▶ INSTRUCTIONS FOR THE TASK: The required output is the stretch from the line containing "Gebraucht BMW 320e" through the line containing "Por miedo al" in the records below, unaltered and with no pictures.

▶ EXTRACTED MATERIAL:
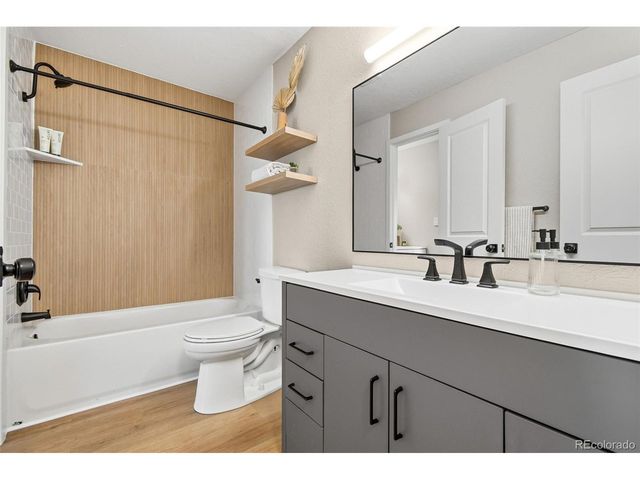 3295 34th St 62, Boulder, CO 80301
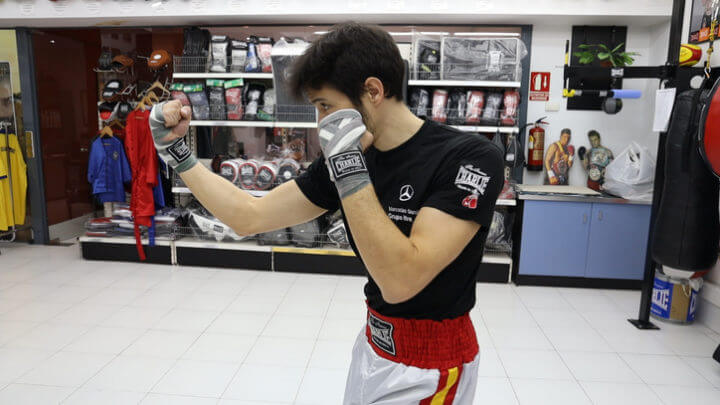 El golpe uppercut se utiliza para objetivos de corta distancia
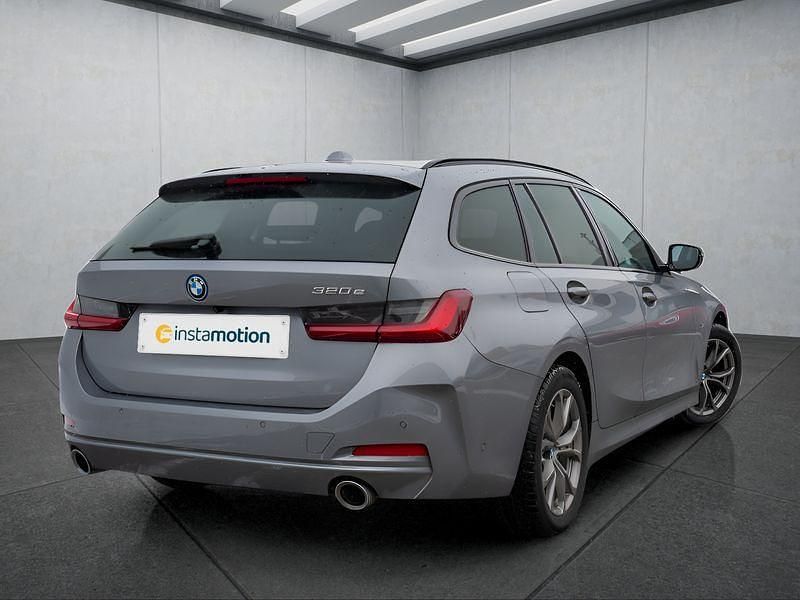Gebraucht BMW 320e 204 PS (150 kW) 2022 Grau Kombi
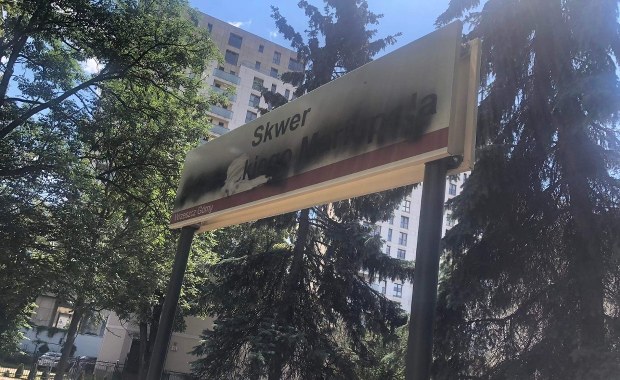 Dewastacja na skwerze Bohaterskiego Mariupola. Ktoś zamalował tabliczkę z nazwą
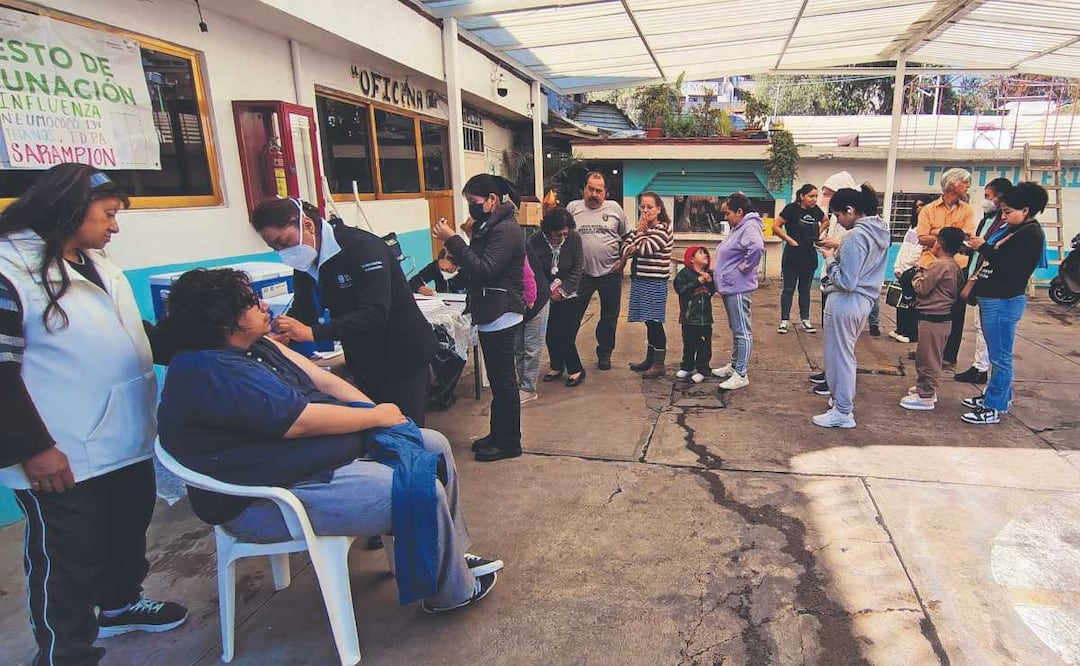 Por miedo al sarampión, padres llevan a vacunar a sus hijos a mercado de Iztapalapa. Foto: (Arantxa Meave. El Gráfico)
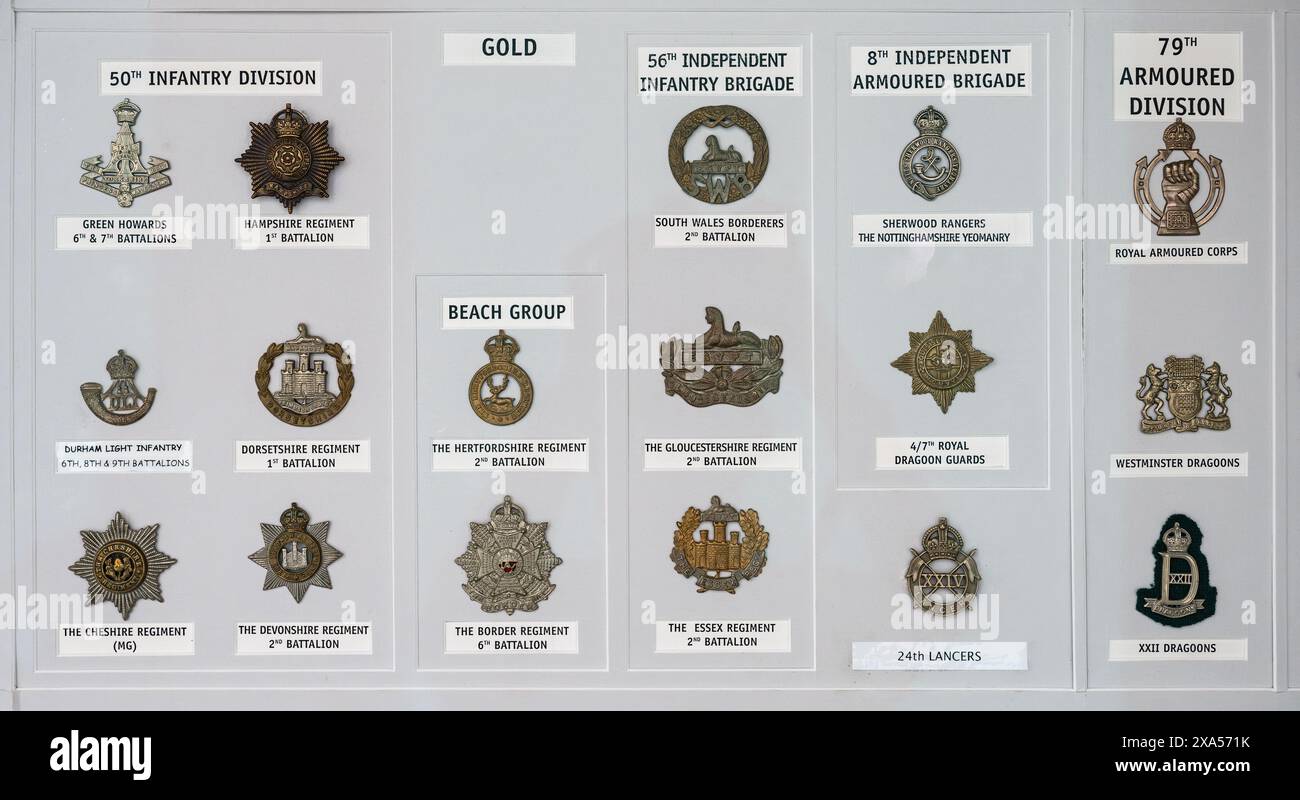 Détail des médailles et des insignes de la seconde Guerre mondiale des badges britanniques de la casquette d-Day Banque D'Images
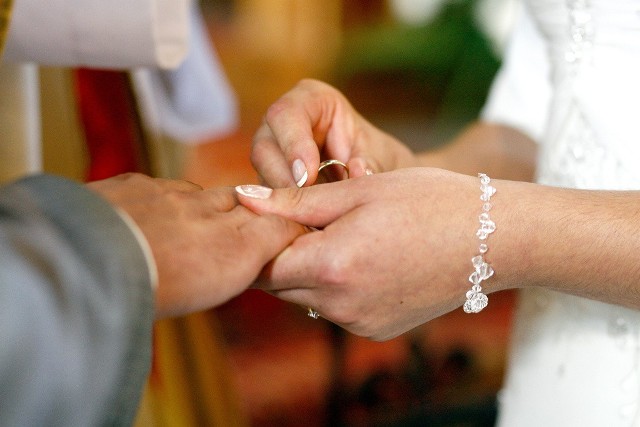 Przedślubna gorączka rodzi nieraz nieoczekiwane skutki. Niektóre małżeństwa kończą się szybciej nim padnie sakramentalne "tak&#8221;.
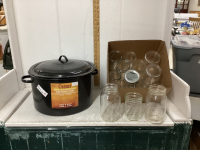 WATERBATH CANNER, & (15) CANNING JARS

▶ TASK RESULT:
Gebraucht BMW 320e 204 PS (150 kW) 2022 Grau Kombi
 Dewastacja na skwerze Bohaterskiego Mariupola. Ktoś zamalował tabliczkę z nazwą
 Por miedo al sarampión, padres llevan a vacunar a sus hijos a mercado de Iztapalapa. Foto: (Arantxa Meave. El Gráfico)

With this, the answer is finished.